The spending categories with the largest e-commerce increases were building and gardening supplies, food and beverage, and health and personal care products. Online building and gardening supply purchases more than doubled from $4 billion in the first quarter to $8.2 billion in the second, spurred by a home improvement spending spree. If you have to be at home all the time, why not make it nicer? Frequently purchased items like food and health products were much less likely to be purchased online before Covid-19, compared to periodic purchases like clothing and electronics. Yet more shoppers, concerned about the health risks of heading to stores, finally took the plunge and went online for their daily needs.

Motor vehicle spending is one area that hasn’t seen much of an online jump. It’s an important reason online spending hasn’t surged even more during the pandemic. Over one fifth of all retail spending goes toward vehicles, but less than 4% of those purchases are made online. Revenues for online used car retailer Carvana did shoot up 25%, but in general, for such a large purchase, most people want to see a car before they buy it.

Will online retail ever return to its previous levels? While it’s likely to moderate some, experts believe more e-commerce is just part of the new normal. Retail analysts believe the pandemic has sped the rate at which shoppers would have moved online by a few years, and CEOs are saying it has fundamentally changed the way Americans shop.
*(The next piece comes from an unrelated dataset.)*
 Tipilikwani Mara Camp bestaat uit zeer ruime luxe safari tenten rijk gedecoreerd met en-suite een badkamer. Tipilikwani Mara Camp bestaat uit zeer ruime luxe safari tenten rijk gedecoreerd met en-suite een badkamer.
After stores started to reopen, online shopping remained strong. Even categories like groceries, where e-commerce was slow to catch on, expect to see a large portion continuing to buy online.

In China, where online shopping is even more popular than in the US, online purchases also increased during the early stages of the pandemic. Online spending continued to accelerate even after lockdown restrictions eased. The sales of e-commerce giant Alibaba soared 34% in the second quarter compared to the previous year, even larger rate than the 22% growth of the first quarter.

A lot of aspects of life will go back to normal after the pandemic ends, but how we make purchases doesn’t seem like one of them.